As a Business, Leveraging FREE
So there is a “FREE Strategy” and I’m going to give it to you for free… Jeremiah and Altimeter are not the only ones giving stuff away. A lot of companies are utilizing the FREE Strategy; Facebook, Skype, Square even gives you the credit card reader for free. Your business could easily give something away for free – and I’m not talking about branded pens. The stuff you give away for free should do two things – 1. reinforce your brand and increase awareness of your business and offerings (“marketing” as defined by DripMedia). 2. show the absolute quality and care put into the product and service that you offer.
Consider what you give away for free a qualifier to earn the consumers’ business.

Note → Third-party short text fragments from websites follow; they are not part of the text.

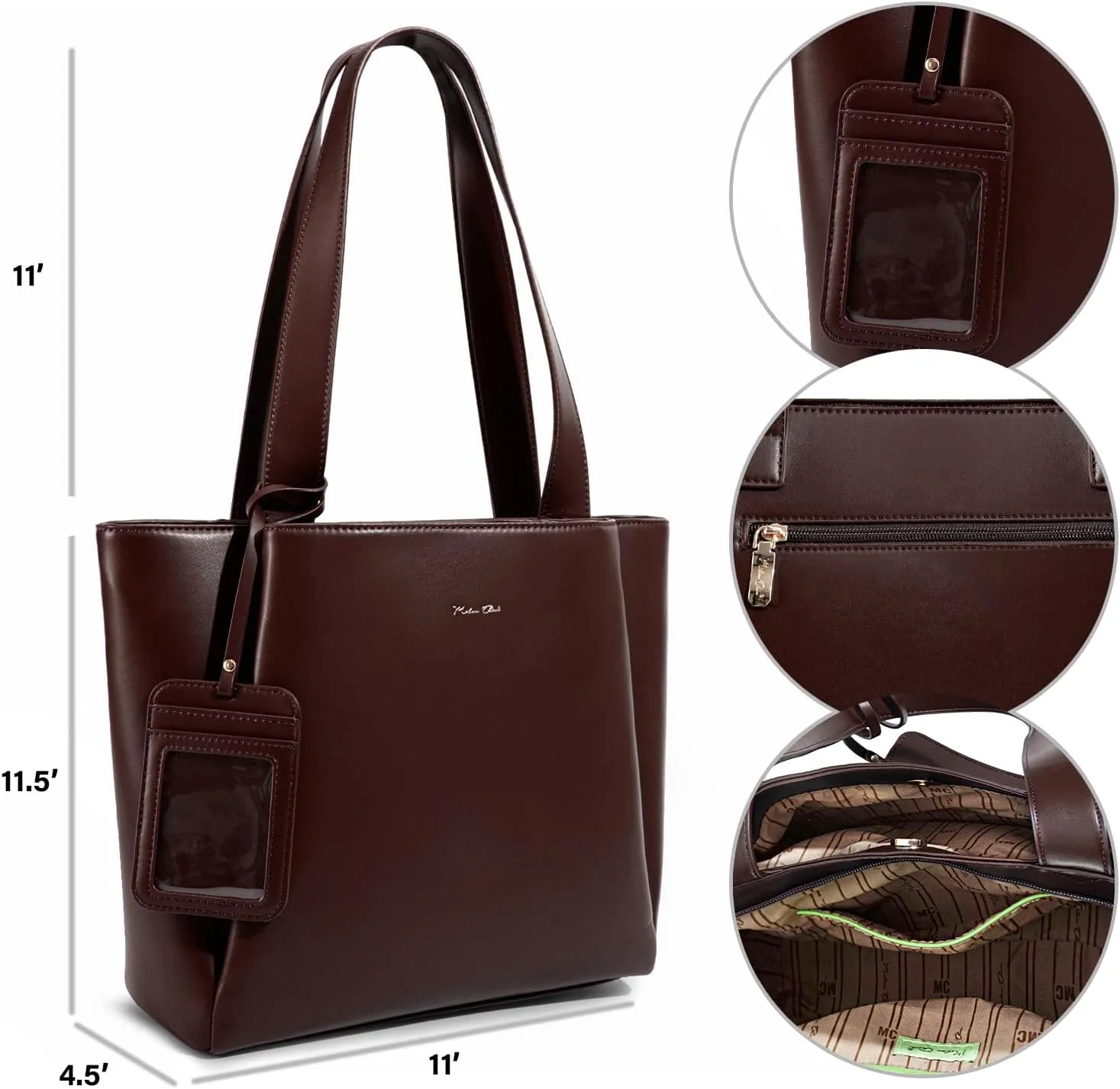 Milan Chiva Work Tote Bags for Women Middle Urban Tote Bag with Zip Compartments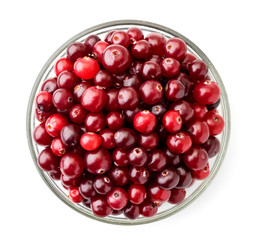 Ripe cranberries in a plate on a white. The view of the top.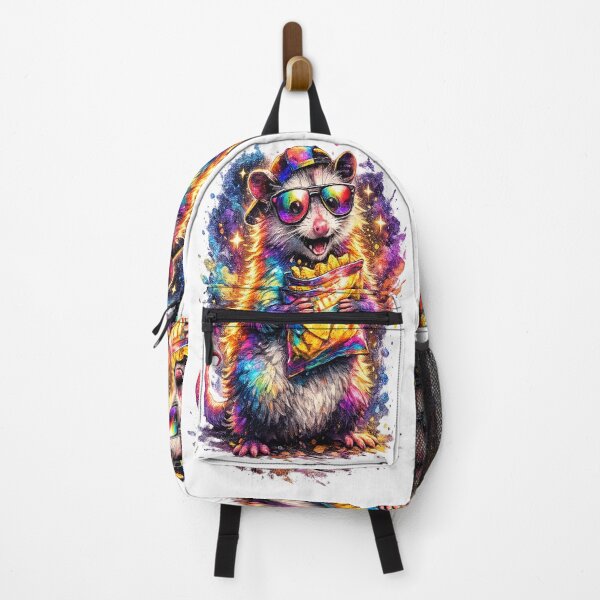 Item preview, Powered By Panic & Snacks – Funny Rainbow Opossum Colorful Animal T-Shirt designed and sold by RBToper.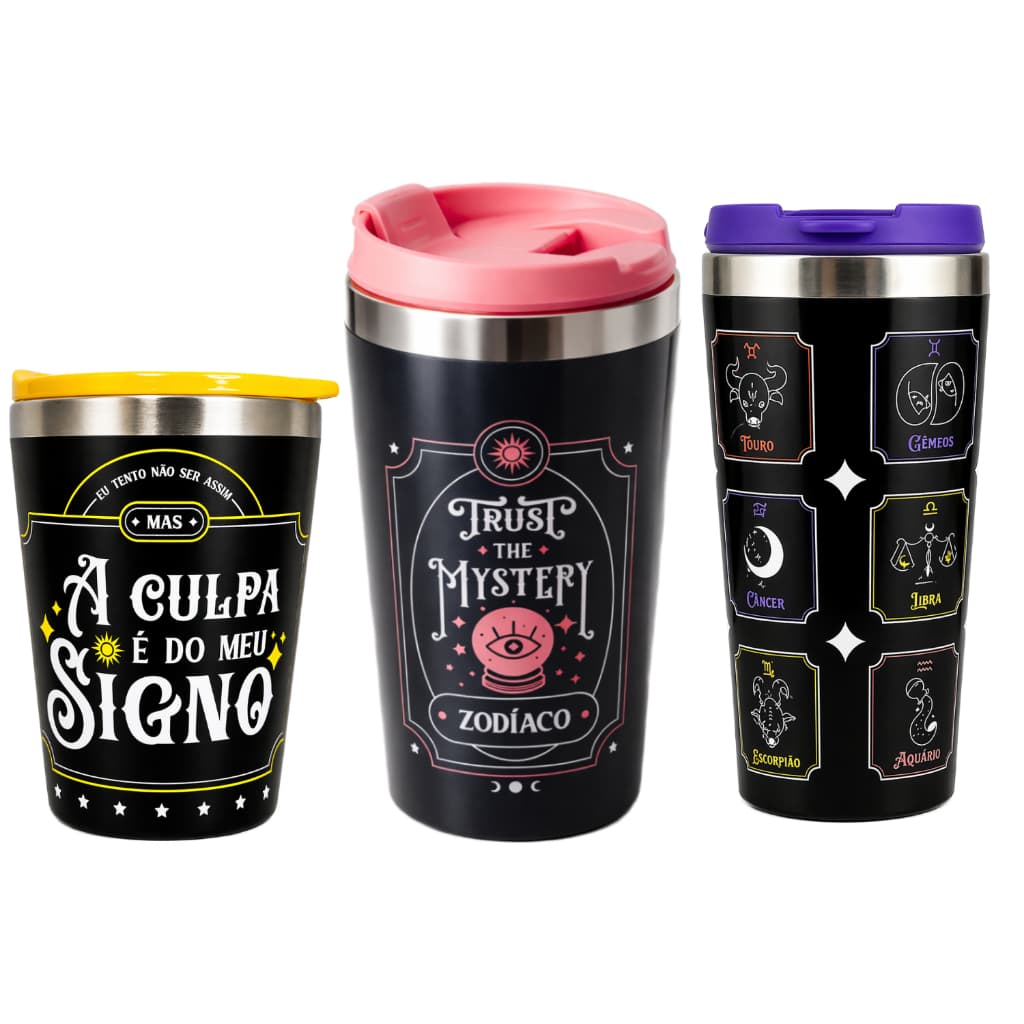 Copo Térmico Signos Zodíaco Tampa Antivazamento Água Café Trabalho Escritório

Facebook implemented the FREE Strategy to get as many users as possible, then used “exclusivity” to spread the word. Skype, gets new consumers using it’s base product for free, then uses upselling strategies to get them into paid versions with features they “want” but would otherwise not be aware of if they didn’t get the free version. Square, which is very impressive, offers merchant services and gives their hardware away for free. The hardware is great marketing and creates buzz and interest and enables you to do what Square wants you to do; run cards. They’re forgoing the $10-20 of hardware to get you to run 10-20 cards and then they see the return.
You have to be careful. A true implementation of the FREE Strategy is giving away something in its entirety. It’s not a tease! It’s proof! Proof that you know what you’re doing and do it better than any of the competitors. Your competitors are also giving away stuff for free, and your free stuff needs to be more impressive and “whole” than their stuff.
Disclaimer: Does it sadden me that it has come to giving away our hard work? Yes, but it is also a necessary evil. With information as free flowing and accelerating at the pace that it is, if a consumer wants something, they’ll find it somewhere for cheaper with a few search terms. So the FREE Strategy is there to share the whole samples of our work, building trust and confidence with the consumer. It’s like a local open market with hundreds vendors gather and show off their crops and livestock. There are a lot of options for similar stuff, but the ones who put in the more care into their work are the ones who sell out first.